Eight teenagers from across Australia have jointly filed a class action lawsuit to stop the expansion of Whitehaven’s Coal Vickery coal mine in Gunnedah. This suit is the latest in a rising trend of climate litigation in the country, coming just two months after 23-year-old Katta O’Donnell sued the Australian government for failing to disclose financial risks in its investments caused by climate change (Reuters and Guardian).

Though connected to a rising tide of youth climate action, observers say that the mechanisms in the Whitehaven case are unique (ABC). Rather than filing for an injunction based on environmental law, these teens and their counsel opted instead to appeal to the government’s common-law duty of care (Guardian). The claimants argue that Australia’s Environment Minister, Susan Ley, cannot approve the proposed expansion because the ensuing greenhouse gas emissions would worsen climate change and endanger their futures, a violation of her responsibility to safeguard their well-being. If they are successful, they could create a powerful precedent, greatly increasing the difficulty of siting future coal projects in the country (Sydney Morning Herald and ABC).

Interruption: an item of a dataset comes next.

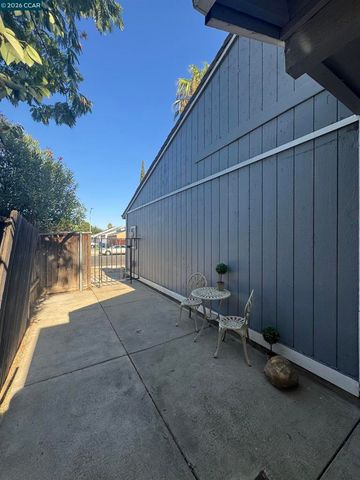 7516 Whisperwillow Dr, Sacramento, CA 95828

If the proposed mine expansion is carried out, experts estimate it will create approximately 100 million tons of CO2 equivalent, an amount almost equal to the sum of emissions generated by all forms of Australian domestic transportation annually (ABC). However, estimates released by Whitehaven project that the expansion would create as many as 450 jobs and generate $930 million of state economic benefit (Reuters).